◆ **Records supplied**
....................
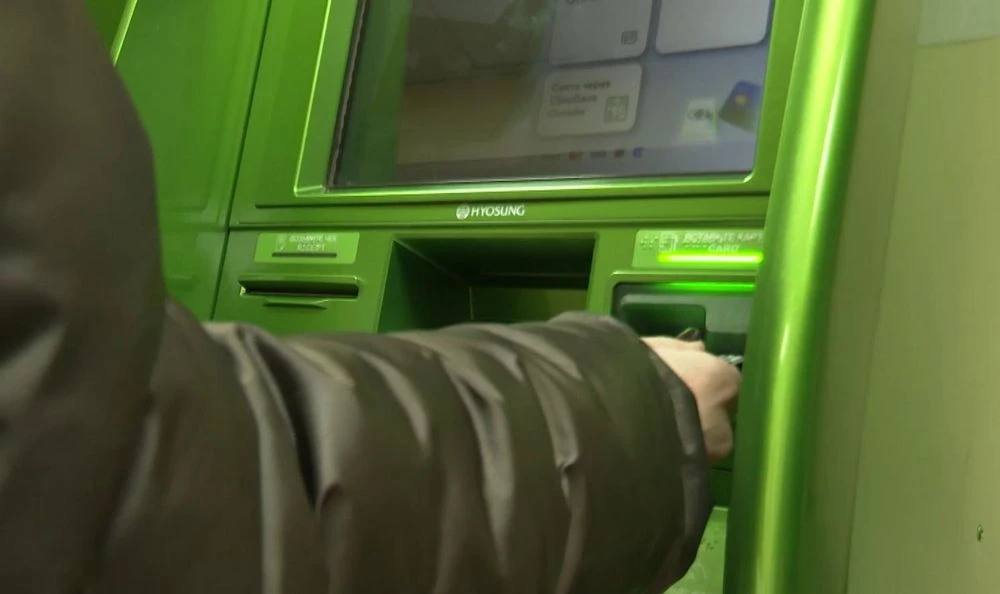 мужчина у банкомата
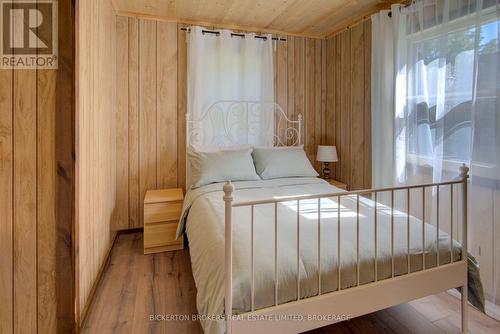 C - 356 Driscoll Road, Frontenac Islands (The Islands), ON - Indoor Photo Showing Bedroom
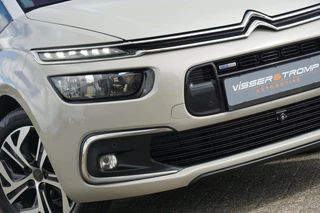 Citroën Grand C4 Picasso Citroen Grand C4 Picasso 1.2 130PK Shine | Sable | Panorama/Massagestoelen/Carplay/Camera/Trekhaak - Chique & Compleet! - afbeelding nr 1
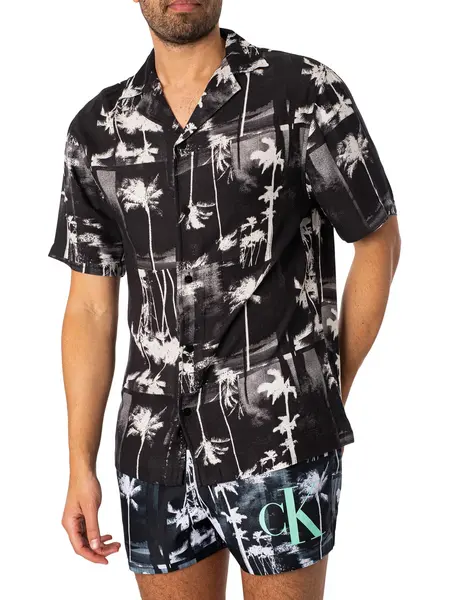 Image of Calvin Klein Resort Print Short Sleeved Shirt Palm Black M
....................
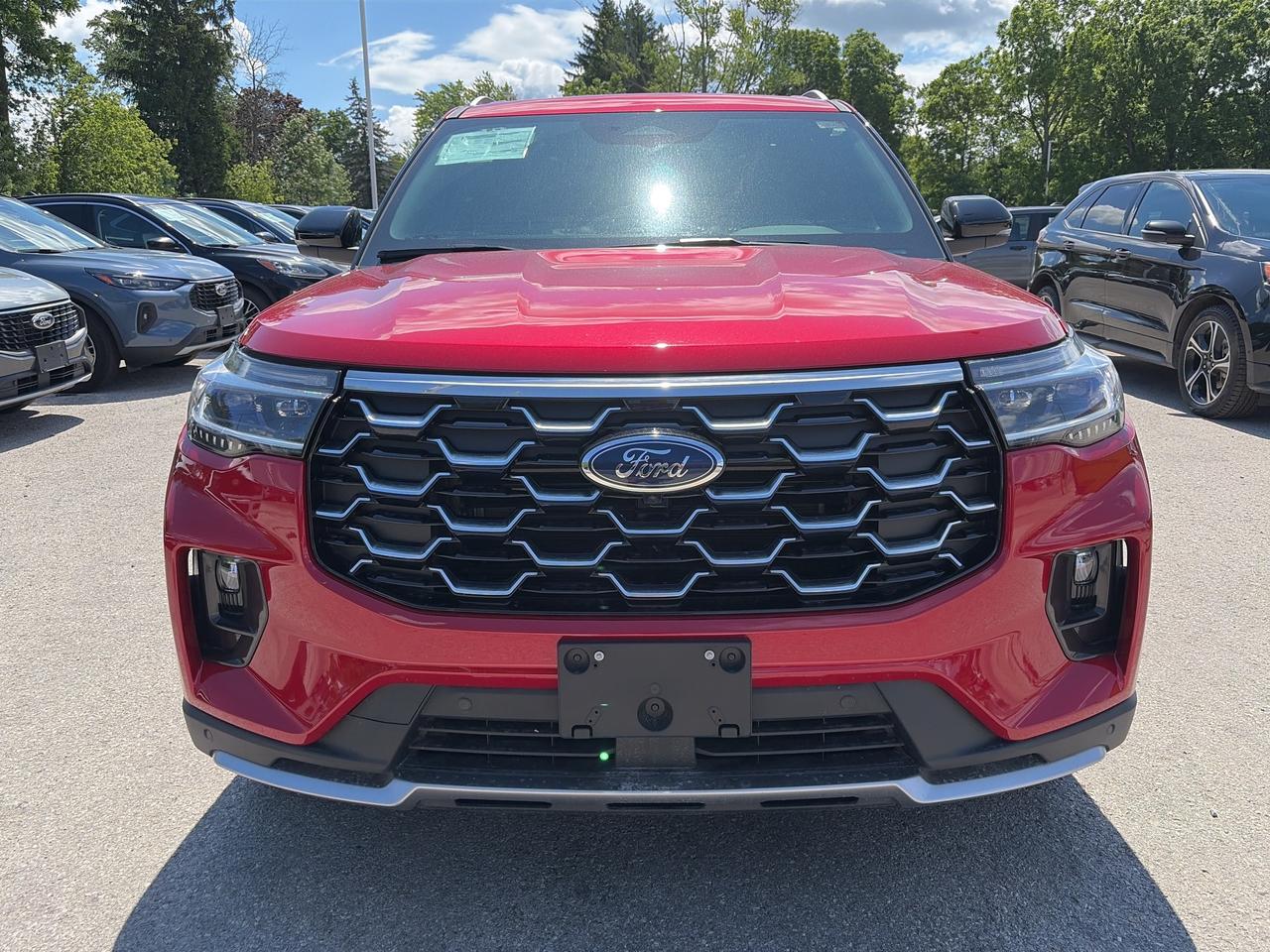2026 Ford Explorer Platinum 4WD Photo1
....................
◆ **Task statement**
Using the records above, print exactly the lines between the ones containing "мужчина у банкомата" and "Image of Calvin", inclusive, and nothing else; no pictures.

◆ **Problem solution**
 мужчина у банкомата
 C - 356 Driscoll Road, Frontenac Islands (The Islands), ON - Indoor Photo Showing Bedroom
 Citroën Grand C4 Picasso Citroen Grand C4 Picasso 1.2 130PK Shine | Sable | Panorama/Massagestoelen/Carplay/Camera/Trekhaak - Chique & Compleet! - afbeelding nr 1
 Image of Calvin Klein Resort Print Short Sleeved Shirt Palm Black M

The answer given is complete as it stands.